Health care and public health are considered to be two different disciplines, but they're natural allies. Healthcare cures individuals, addressing the diagnosis and treatment of diseases, and public health focuses populations handling promotion and prevention, taking under consideration the behavioural, social and economic determinants of health consistent with a recent definition, public health is “use of theory, experience and evidence derived through the population sciences to enhance health of the population”. Public health has always been an evolving domain encompassing health promotion, health education and medicine. Health care need to be considered as part and parcel of public health programmes with an ultimate objective of yielding populationwide benefits a transparent dearth of integration of the presents a dreary picture of health indicators of the developing world, particularly in most parts of South Asia.

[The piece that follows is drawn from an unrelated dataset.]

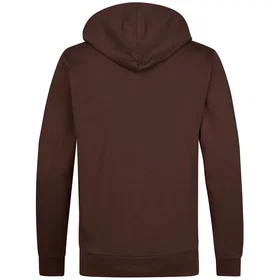 Petrol Industries M-3060-swh337 Full Zip Sweatshirt (Herr)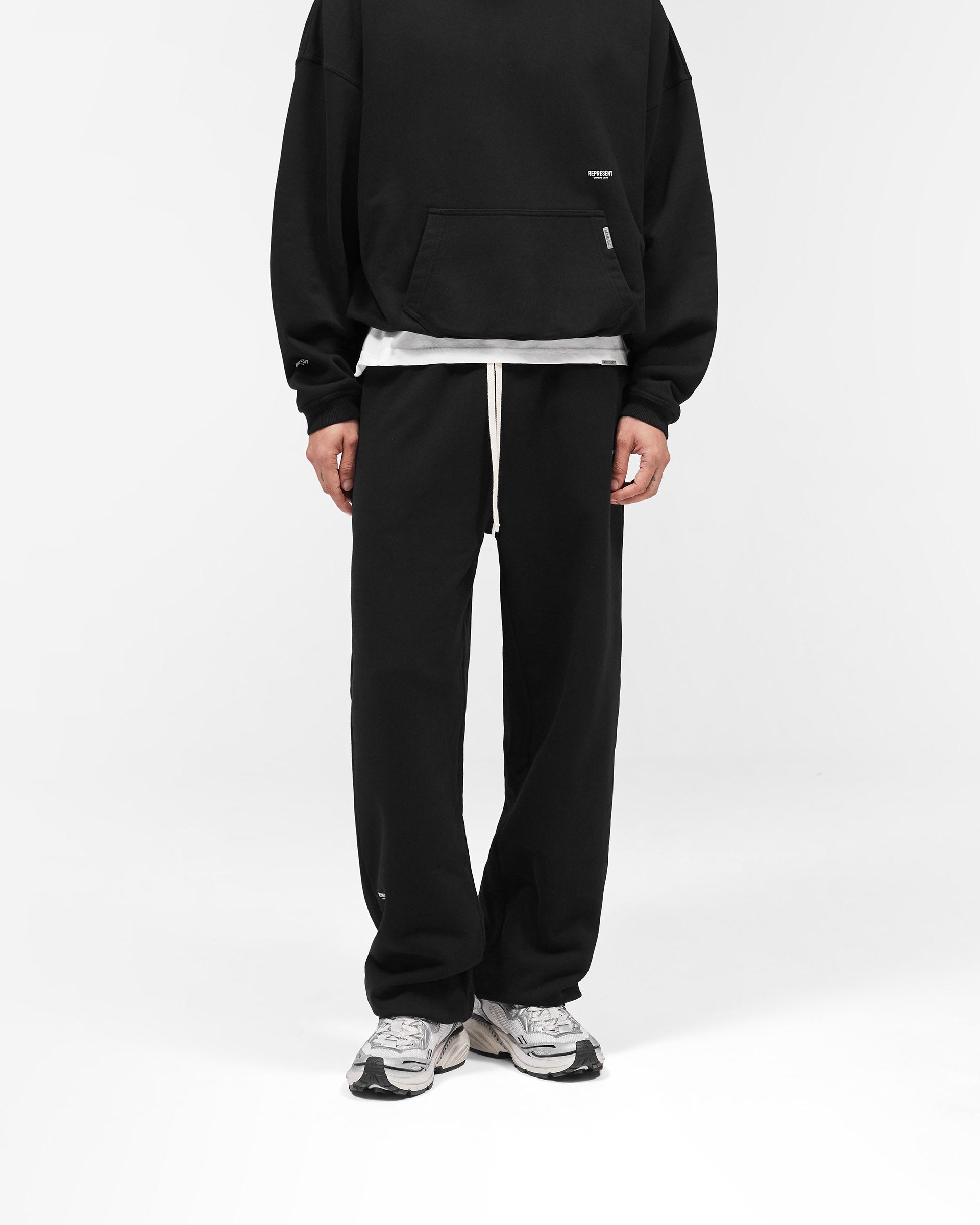Micro_Owners_Club_Sweatpant_-_Jet_Black_03.jpg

Over the years, this misunderstanding of the notions and an excessive amount of ‘medicalization’ of health has given rise to large gaps and disparities in terms of health status among different groups, even within the same geographical area. Although all the pledges of the international community and therefore the states are geared towards building a healthy public policy and reorienting health services, the resource allocation in curative services in South Asian countries has been too heavy compared with preventive and promotive actions. Despite global gains in child survival since 1990, significant discrepancies remain within and across countries and regions, and 11 million children still die needlessly annually. Why then does the state of maternal and child health remain abysmally fragile in South Asia and South East Asia? Whilst conceiving programmes for maternal and child health care, the elemental problems with gender equity, human development and programmatic sustainability have always been side-lined. Ironically, health professionals would also keep health care and public health disconnected. As a result of this demarcation, the whole health system is seen to be divided into two within the present scenario, the ‘medicine perspective’ has its entire accent on biomedical reasoning of the disease process, and there's a significant dearth of consideration of other causes of the ill-health process. As a result, social, economic, cultural, political and environmental determinants of health and health-seeking behaviour are very often overlooked by the health.